Da Grundeinkommen in erster Linie jenen zugute kommen würde, die heute zu wenig haben, würde zusätzliche Kaufkraft in den Konsum vor allem von Grundbedarfsgütern fließen und könnte damit zu einem gewissen Wachstum dieses Sektors führen.
Grundeinkommen soll dazu beitragen, das bestehende System gerechter zu machen, den Sozialstaat weiterzuentwickeln, um den Herausforderungen des Wandels der Arbeitswelt und der Globalisierung zu entsprechen. Grundeinkommen soll dazu dienen, Armut zu vermeiden, Flexibilität und selbstbestimmte Arbeit zu ermöglichen.
„Die Finanzierung des BGE erfordert einen Umbau des Steuer- und Sozialversicherungssystems“ – dieser Grundsatz (cf. attac Österreich) gilt zumindest für die europäischen Sozialstaaten. Auf dieser Basis gibt es bereits eine große Zahl von mehr oder weniger genau durchgerechneten Vorschlägen für ein Grundeinkommen z.B. in Deutschland, in der Schweiz und auch in Österreich.
Gemeinsame Grundlage all dieser Vorschläge ist die Integration des BGE in die Einkommensteuer. Grundsätzlich bekommt jede Person ein Grundeinkommen; wer zusätzlich Einkommen erzielt, durch Erwerbsarbeit, selbständige Arbeit, eventuell auch Kapitaleinkommen (falls Zinsen etc. nicht anders besteuert werden), bezahlt nach einem progressiven Steuersatz Einkommensteuer, die auf das Grundeinkommen angerechnet wird. Je nach Modell fällt das Grundeinkommen (das als Negativsteuer verstanden werden kann) weg, und (positive) Steuern sind zu bezahlen. Das heißt: Jeder und jede bekommt ein Grundeinkommen, wer mehr verdient zahlt es mit Steuern zurück.
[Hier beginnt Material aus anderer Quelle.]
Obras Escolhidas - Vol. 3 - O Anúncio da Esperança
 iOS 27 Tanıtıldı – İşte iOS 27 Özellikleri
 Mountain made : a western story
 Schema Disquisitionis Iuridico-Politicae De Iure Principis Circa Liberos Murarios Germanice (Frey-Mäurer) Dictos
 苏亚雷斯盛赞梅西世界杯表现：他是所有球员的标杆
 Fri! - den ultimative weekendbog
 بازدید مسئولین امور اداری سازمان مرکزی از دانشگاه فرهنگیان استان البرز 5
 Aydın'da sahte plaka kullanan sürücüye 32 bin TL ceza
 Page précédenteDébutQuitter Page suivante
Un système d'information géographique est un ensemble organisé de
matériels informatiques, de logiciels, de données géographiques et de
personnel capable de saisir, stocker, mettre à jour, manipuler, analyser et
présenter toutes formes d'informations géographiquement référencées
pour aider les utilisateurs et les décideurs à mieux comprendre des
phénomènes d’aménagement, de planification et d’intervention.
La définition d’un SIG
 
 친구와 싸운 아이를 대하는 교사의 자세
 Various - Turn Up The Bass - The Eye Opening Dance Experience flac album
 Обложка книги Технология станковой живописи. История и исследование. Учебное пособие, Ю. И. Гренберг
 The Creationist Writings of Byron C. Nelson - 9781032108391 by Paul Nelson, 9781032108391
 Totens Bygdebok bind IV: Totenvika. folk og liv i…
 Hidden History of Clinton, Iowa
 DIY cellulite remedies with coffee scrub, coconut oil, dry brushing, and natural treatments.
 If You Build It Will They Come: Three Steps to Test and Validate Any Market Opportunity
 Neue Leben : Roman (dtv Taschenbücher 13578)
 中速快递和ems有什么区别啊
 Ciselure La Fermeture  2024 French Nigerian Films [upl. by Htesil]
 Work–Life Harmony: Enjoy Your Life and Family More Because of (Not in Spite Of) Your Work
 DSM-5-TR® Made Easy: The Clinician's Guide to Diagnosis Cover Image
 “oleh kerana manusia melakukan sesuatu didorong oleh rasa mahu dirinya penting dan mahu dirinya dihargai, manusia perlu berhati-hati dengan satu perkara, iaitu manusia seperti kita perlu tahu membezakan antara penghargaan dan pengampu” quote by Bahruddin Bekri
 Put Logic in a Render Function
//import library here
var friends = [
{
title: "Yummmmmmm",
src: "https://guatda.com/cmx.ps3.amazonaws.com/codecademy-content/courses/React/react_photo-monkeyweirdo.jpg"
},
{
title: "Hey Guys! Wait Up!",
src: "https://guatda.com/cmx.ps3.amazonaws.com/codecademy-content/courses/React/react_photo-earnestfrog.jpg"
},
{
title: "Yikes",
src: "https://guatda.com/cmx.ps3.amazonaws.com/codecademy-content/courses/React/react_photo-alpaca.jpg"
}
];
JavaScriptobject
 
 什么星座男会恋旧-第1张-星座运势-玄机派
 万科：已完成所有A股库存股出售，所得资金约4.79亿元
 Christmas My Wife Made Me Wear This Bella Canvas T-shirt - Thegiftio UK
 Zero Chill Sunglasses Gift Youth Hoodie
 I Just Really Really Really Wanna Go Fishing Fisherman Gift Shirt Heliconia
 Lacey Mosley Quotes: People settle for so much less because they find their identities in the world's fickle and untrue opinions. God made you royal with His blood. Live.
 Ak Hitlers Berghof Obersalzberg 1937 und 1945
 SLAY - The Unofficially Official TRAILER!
Finanzierung durch Einkommensteuer
Eine Finanzierung des Grundeinkommens allein durch Steuern auf Erwerbseinkommen würde eine sehr hohe Besteuerung höherer Einkommen verlangen und wäre aus unterschiedlichen Gründen nicht gerecht. Zwar beruht jede Arbeit auf dem, was andere vor uns geleistet haben (all dem, was in Jahrtausenden der Menschheitsgeschichte entwickelt, erfunden, erforscht wurde, was andere – unsere Mütter – für uns getan haben, was an Infrastruktur und Leistungen zur Verfügung steht – und nicht zuletzt auf dem, was die Erde uns gibt).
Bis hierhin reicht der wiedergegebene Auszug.